• Your objective
Lift out, unaltered, the lines of the material below between the line holding "A car is driving" and the line holding "woman hoping, fingers crossed", counting both.

• Data section
==*==
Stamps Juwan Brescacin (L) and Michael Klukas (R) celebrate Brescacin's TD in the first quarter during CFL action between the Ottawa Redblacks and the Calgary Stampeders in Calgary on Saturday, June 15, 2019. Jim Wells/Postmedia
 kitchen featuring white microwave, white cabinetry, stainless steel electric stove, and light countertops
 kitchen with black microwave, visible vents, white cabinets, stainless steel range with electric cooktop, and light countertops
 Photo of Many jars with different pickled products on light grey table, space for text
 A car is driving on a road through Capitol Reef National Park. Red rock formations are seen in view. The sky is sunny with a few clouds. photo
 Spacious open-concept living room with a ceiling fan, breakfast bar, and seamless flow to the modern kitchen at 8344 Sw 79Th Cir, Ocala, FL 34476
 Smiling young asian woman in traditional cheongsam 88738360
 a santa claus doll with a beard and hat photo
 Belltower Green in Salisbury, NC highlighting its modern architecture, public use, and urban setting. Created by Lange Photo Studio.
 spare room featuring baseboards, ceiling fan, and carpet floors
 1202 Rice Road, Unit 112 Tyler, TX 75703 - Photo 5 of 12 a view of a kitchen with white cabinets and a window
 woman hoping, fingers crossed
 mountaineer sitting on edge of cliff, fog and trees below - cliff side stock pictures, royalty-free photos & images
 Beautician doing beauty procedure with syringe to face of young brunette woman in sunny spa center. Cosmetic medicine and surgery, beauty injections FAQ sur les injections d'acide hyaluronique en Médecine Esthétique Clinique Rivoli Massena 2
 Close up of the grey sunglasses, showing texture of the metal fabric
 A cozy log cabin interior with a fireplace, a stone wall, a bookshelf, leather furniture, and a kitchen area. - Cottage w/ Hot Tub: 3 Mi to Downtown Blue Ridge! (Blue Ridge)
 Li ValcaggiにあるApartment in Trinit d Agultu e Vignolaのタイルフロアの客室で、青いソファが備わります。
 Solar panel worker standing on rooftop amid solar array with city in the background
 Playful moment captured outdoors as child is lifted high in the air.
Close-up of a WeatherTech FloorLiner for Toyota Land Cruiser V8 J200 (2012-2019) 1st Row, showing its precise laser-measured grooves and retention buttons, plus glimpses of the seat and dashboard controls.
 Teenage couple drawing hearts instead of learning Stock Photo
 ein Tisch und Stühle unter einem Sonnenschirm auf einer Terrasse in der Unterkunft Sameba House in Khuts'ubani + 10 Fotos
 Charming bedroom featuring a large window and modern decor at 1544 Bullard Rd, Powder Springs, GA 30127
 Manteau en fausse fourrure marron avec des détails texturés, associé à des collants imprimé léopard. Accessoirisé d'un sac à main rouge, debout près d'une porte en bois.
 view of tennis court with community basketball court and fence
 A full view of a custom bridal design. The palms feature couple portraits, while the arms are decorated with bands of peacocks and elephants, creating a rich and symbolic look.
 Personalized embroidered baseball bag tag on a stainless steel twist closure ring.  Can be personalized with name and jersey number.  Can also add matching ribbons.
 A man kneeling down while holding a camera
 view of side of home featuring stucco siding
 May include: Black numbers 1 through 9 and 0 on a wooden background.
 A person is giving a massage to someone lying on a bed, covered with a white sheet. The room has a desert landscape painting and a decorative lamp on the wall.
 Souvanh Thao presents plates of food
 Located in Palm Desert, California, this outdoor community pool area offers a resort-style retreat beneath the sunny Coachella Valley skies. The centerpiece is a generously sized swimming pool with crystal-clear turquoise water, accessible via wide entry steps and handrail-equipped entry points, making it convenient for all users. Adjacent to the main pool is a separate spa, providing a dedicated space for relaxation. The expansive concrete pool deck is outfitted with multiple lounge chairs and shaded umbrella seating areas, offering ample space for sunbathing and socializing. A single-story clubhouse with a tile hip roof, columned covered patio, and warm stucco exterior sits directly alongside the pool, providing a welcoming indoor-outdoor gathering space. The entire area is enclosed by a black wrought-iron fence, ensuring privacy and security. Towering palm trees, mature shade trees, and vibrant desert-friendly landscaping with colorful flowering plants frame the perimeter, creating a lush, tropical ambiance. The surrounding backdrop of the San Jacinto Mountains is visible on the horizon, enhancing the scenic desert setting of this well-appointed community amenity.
==*==
• Result of this exercise
 A car is driving on a road through Capitol Reef National Park. Red rock formations are seen in view. The sky is sunny with a few clouds. photo
 Spacious open-concept living room with a ceiling fan, breakfast bar, and seamless flow to the modern kitchen at 8344 Sw 79Th Cir, Ocala, FL 34476
 Smiling young asian woman in traditional cheongsam 88738360
 a santa claus doll with a beard and hat photo
 Belltower Green in Salisbury, NC highlighting its modern architecture, public use, and urban setting. Created by Lange Photo Studio.
 spare room featuring baseboards, ceiling fan, and carpet floors
 1202 Rice Road, Unit 112 Tyler, TX 75703 - Photo 5 of 12 a view of a kitchen with white cabinets and a window
 woman hoping, fingers crossed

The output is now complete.